**REQUIRED WORK:** Without including any images, please transcribe all the lines below exactly.

**DATA EXCERPT:**
________________

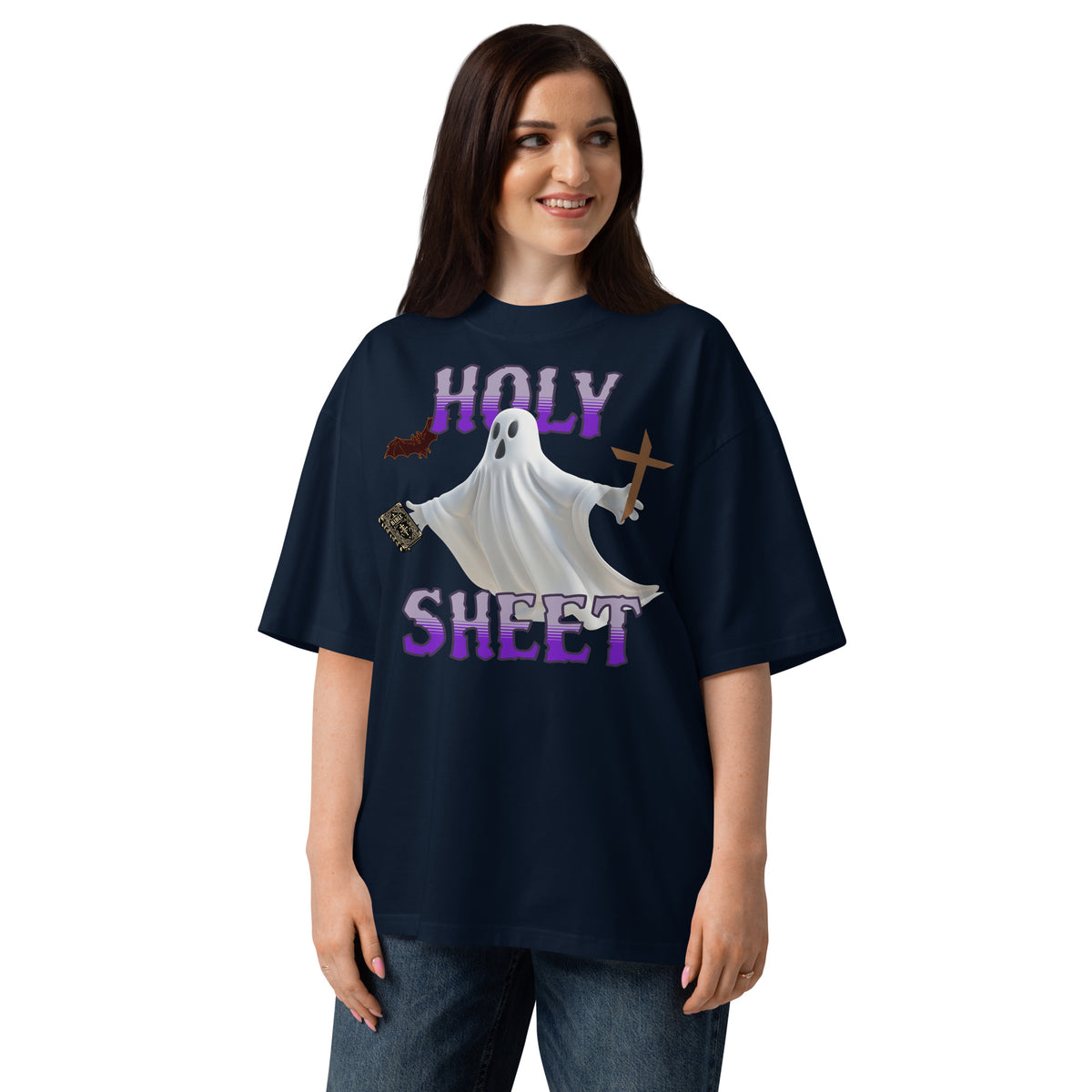 Holy Sheet Unisex organic oversized high neck t-shirt — French Navy — front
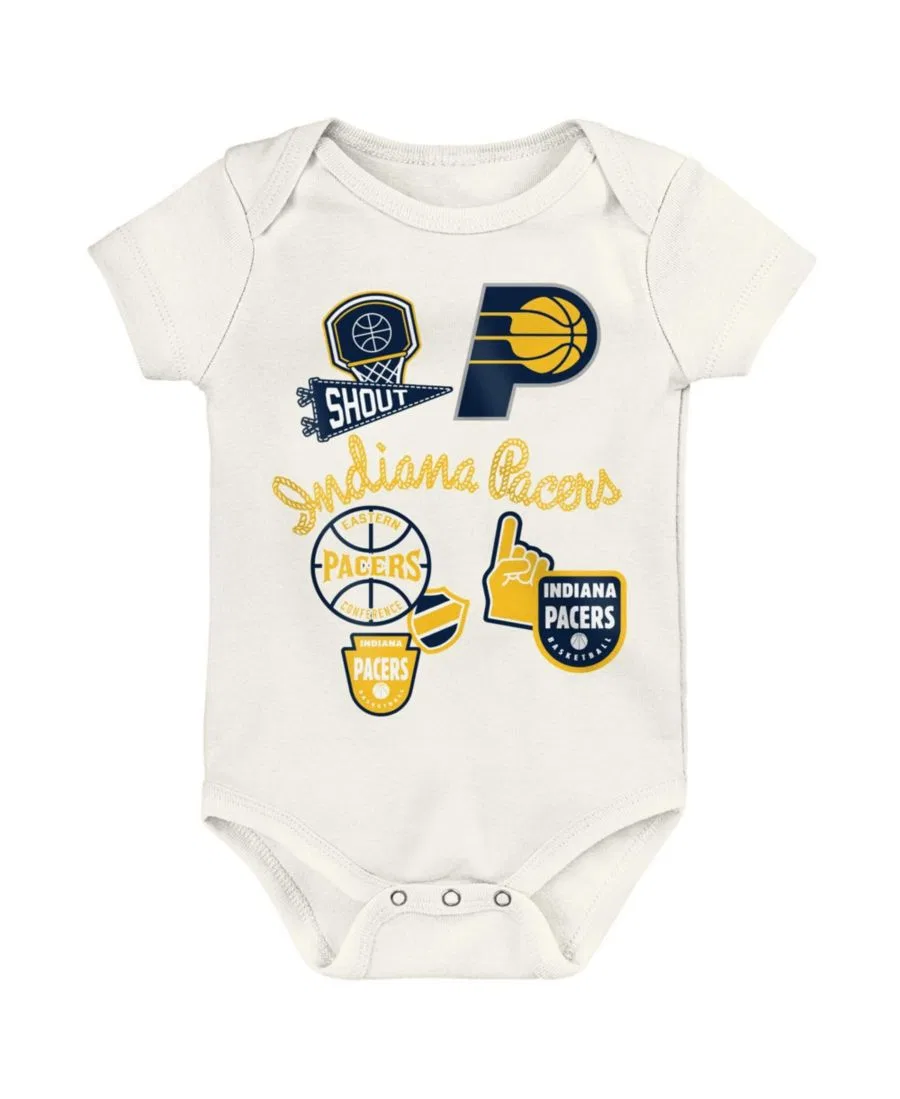 Комплект из 3 боди с коротким рукавом, с принтом Indiana Pacers Outerstuff, Navy, Gold — фото 3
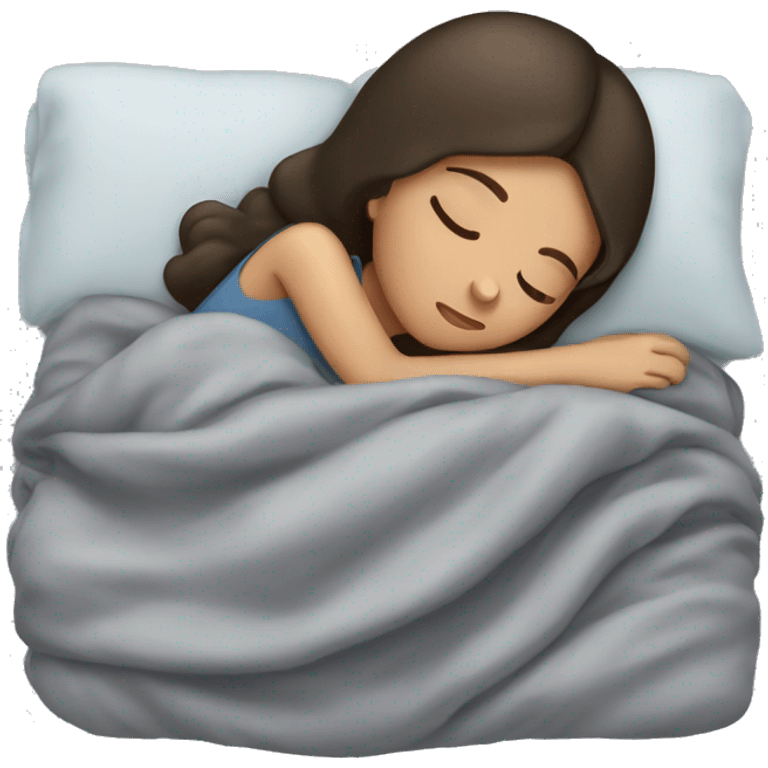 Brunette girl sleeping with grey blanket  emoji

________________

**SOLUTION:**
 Holy Sheet Unisex organic oversized high neck t-shirt — French Navy — front
 Комплект из 3 боди с коротким рукавом, с принтом Indiana Pacers Outerstuff, Navy, Gold — фото 3
 Brunette girl sleeping with grey blanket  emoji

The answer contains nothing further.